Sera (Qunari PC): I’d say you’re getting there. Woof, are you getting there. Sera (dwarf PC): You could get there. You’re just so squishy cute. Sera (Dalish PC): I mean, maybe. Yeah, maybe. Sera (human PC): I think it will. If you’re nice.
Sera: And I am a good judge of people. I don’t date pricks. Really, because prick and prick… Look, you’re nice. Let’s travel around more. I get to know you, we’ll see. Scene ends.
If romancing someone else Sera: Not interested in being your second. PC: My what? Sera: Your second. I like you fine, but—and this may be hard for a Trevelyan—you can’t have everything. Sera: Your second. I like you fine, you’ve got a pretty way about you. But—big but—I don’t share.
If asked again before breaking off other relationship Sera: Like I said, clean up your business first.
- Sera: You can talk, because words are shite, but if you want to do? With me? Better tell Josie first.
- Sera: You’re having it off with Cullen. Settle that before you come looking at me.

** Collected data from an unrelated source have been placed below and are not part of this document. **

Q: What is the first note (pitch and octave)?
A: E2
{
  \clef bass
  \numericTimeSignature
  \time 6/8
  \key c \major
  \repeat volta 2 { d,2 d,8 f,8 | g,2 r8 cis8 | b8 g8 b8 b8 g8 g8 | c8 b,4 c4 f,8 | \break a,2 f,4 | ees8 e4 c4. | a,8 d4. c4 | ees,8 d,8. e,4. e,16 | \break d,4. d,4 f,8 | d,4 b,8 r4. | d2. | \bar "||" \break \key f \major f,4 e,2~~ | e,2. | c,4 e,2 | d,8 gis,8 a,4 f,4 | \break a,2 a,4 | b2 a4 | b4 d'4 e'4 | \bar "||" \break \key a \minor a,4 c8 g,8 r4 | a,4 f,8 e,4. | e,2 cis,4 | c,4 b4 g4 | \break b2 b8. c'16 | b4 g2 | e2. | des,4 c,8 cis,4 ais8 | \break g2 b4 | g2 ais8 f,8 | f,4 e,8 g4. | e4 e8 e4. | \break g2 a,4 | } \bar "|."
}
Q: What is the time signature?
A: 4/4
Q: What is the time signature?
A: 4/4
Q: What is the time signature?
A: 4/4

- Sera: You’re getting in deep with Blackwall. Better tell him you’re looking to wander.
- Sera: You’re having it off with Solas. If elfy isn’t doing it for you, better tell him first.

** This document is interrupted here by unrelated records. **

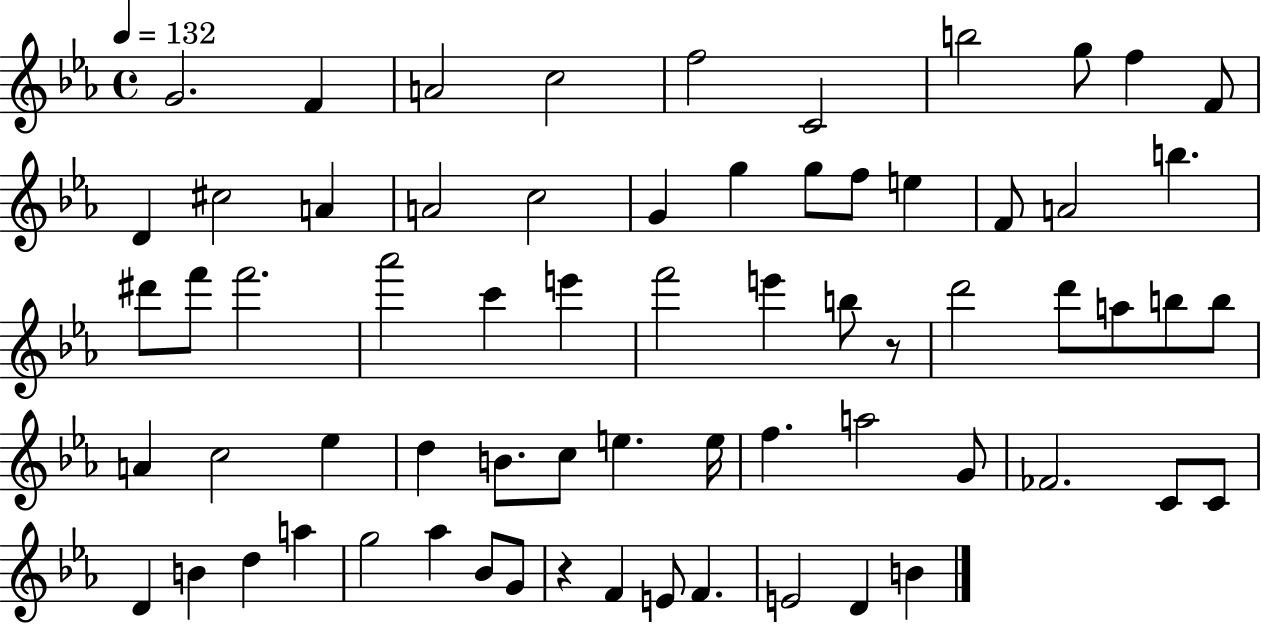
{
  \clef treble
  \time 4/4
  \defaultTimeSignature
  \key ees \major
  \tempo 4 = 132
  g'2. f'4 | a'2 c''2 | f''2 c'2 | b''2 g''8 f''4 f'8 | \break d'4 cis''2 a'4 | a'2 c''2 | g'4 g''4 g''8 f''8 e''4 | f'8 a'2 b''4. | \break dis'''8 f'''8 f'''2. | aes'''2 c'''4 e'''4 | f'''2 e'''4 b''8 r8 | d'''2 d'''8 a''8 b''8 b''8 | \break a'4 c''2 ees''4 | d''4 b'8. c''8 e''4. e''16 | f''4. a''2 g'8 | fes'2. c'8 c'8 | \break d'4 b'4 d''4 a''4 | g''2 aes''4 bes'8 g'8 | r4 f'4 e'8 f'4. | e'2 d'4 b'4 | \break \bar "|."
}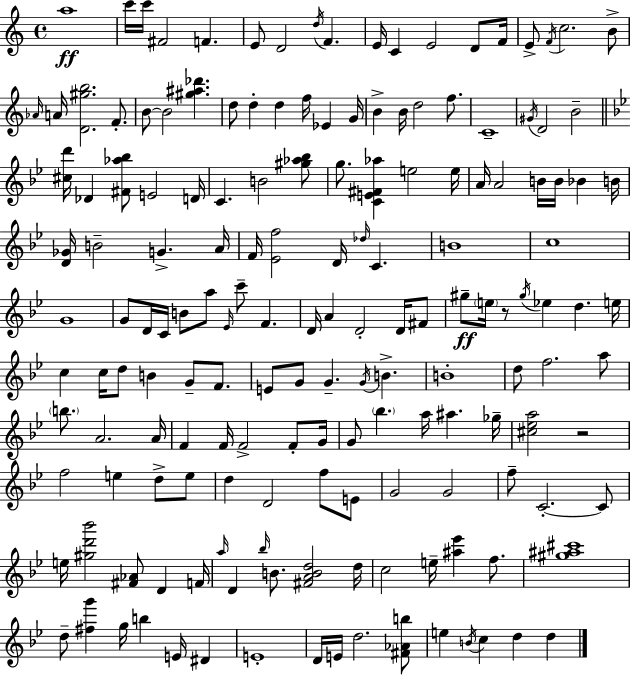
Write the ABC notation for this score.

X:1
T:Untitled
M:4/4
L:1/4
K:Am
a4 c'/4 c'/4 ^F2 F E/2 D2 d/4 F E/4 C E2 D/2 F/4 E/2 F/4 c2 B/2 _A/4 A/4 [D^gb]2 F/2 B/2 B2 [^g^a_d'] d/2 d d f/4 _E G/4 B B/4 d2 f/2 C4 ^G/4 D2 B2 [^cd']/4 _D [^F_a_b]/2 E2 D/4 C B2 [^g_a_b]/2 g/2 [CE^F_a] e2 e/4 A/4 A2 B/4 B/4 _B B/4 [D_G]/4 B2 G A/4 F/4 [_Ef]2 D/4 _d/4 C B4 c4 G4 G/2 D/4 C/4 B/2 a/2 _E/4 c'/2 F D/4 A D2 D/4 ^F/2 ^g/2 e/4 z/2 ^g/4 _e d e/4 c c/4 d/2 B G/2 F/2 E/2 G/2 G G/4 B B4 d/2 f2 a/2 b/2 A2 A/4 F F/4 F2 F/2 G/4 G/2 _b a/4 ^a _g/4 [^c_ea]2 z2 f2 e d/2 e/2 d D2 f/2 E/2 G2 G2 f/2 C2 C/2 e/4 [^gd'_b']2 [^F_A]/2 D F/4 a/4 D _b/4 B/2 [^FABd]2 d/4 c2 e/4 [^a_e'] f/2 [^g^a^c']4 d/2 [^fg'] g/4 b E/4 ^D E4 D/4 E/4 d2 [^F_Ab]/2 e B/4 c d d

- Sera: You’re Iron Bull’s toy. Not interested in being in the middle of that.
Scene ends.
If available to romance Sera: Right. You come with me.
Sera and the PC sit.
Sera: So. You’ve been chatting me up. I heard that, yeah? And seen the looks. That’s all fun and such, out there walking around. But maybe there’s more in your head? Like you want to be more?
Sera (Qunari PC): So, uh, yes? Because phwoar, you… you have height. Sera (dwarf PC): And I have to say, it’s just the most adorable thing, because you’re so squeezy cute! Sera (Dalish PC): I mean, I don’t usually go for elves. Feel like a… bag of chicken necks. But yes, I like you. You’re… it’s good. Sera (human PC): I mean, you’re good on the eyes. Fun. It could go pretty good if the human thing works out.
Dialogue options:
- General (Qunari PC): Is this only about how I look? [1]
- General (dwarf PC): Can’t you take me seriously? [2]
- General (Dalish PC): But you’re an elf, too. [3]
- General (human PC): The human thing? [4]
- General: I’m glad you feel the same. [5]
1 - General: Is this only about how I look? PC: It feels a bit like you’re only interested in my appearance. Sera: Well, it’s a start, yeah? I mean, they say “don’t judge a book,” but that’s exactly how you judge a book. Then you get… you get inside and see if you really like it? You want to go play around?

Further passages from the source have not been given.